In life it seems relationships between people are more important to our happiness than accomplishments. How are good relationships begun and maintained? Communication is the key and the ability to hold a meaningful conversation with another person is a vital part of this.
So what is a meaningful conversation and how do we have one? I read somewhere recently that it’s not really what you say as much as what you feel (and how you make someone else feel) in your conversation with them that creates the meaning. While this may be true, it is often also important that what is said is conveyed accurately from one person to another.
To clarify my own thinking on the subject of meaningful and effective conversations, I played around with letters that spell out conversation, communication and converse.
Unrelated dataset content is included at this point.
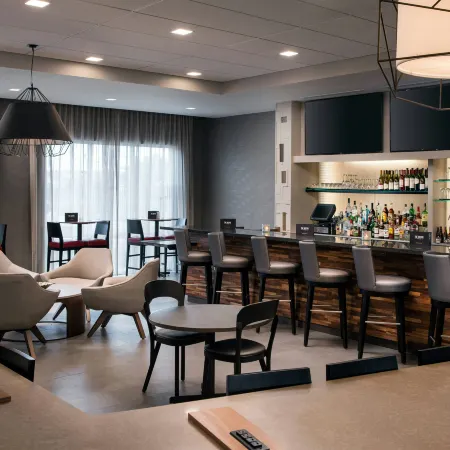 Courtyard Pullman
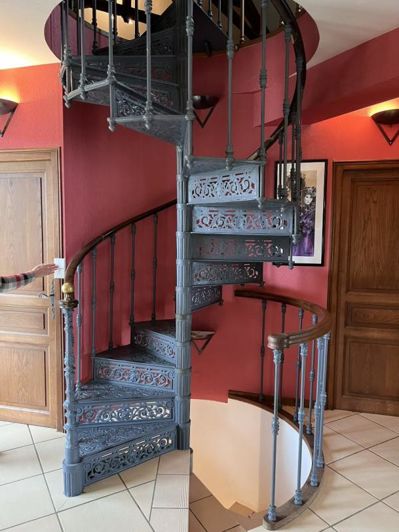 Image No.7-6 Bed Property for sale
Below is the acronym I came up with using the letters of “converse”.
C oncentrate on the other person and listen more often than you speak
O nly talk about one topic at a time, speaking with honesty and openness
N od your head or look at the other person’s eyes from time to time to show you are listening
V erify what the other person actually means by asking questions and also ask questions to make sure they understand what you have said.
E mpathise with the other person by saying how you think they must be feeling and ask them to explain if you are wrong.
R espond with respect and refrain from gossip. Be real. Stick to facts rather than opinions which cannot be substantiated.
S tay positive, affirm the other person and smile.
E nd the conversation politely and with good grace when the purpose of the conversation has been achieved. Don’t inconvenience the other person by keeping them talking for too long.
What ideas do you have on what makes for a meaningful conversation?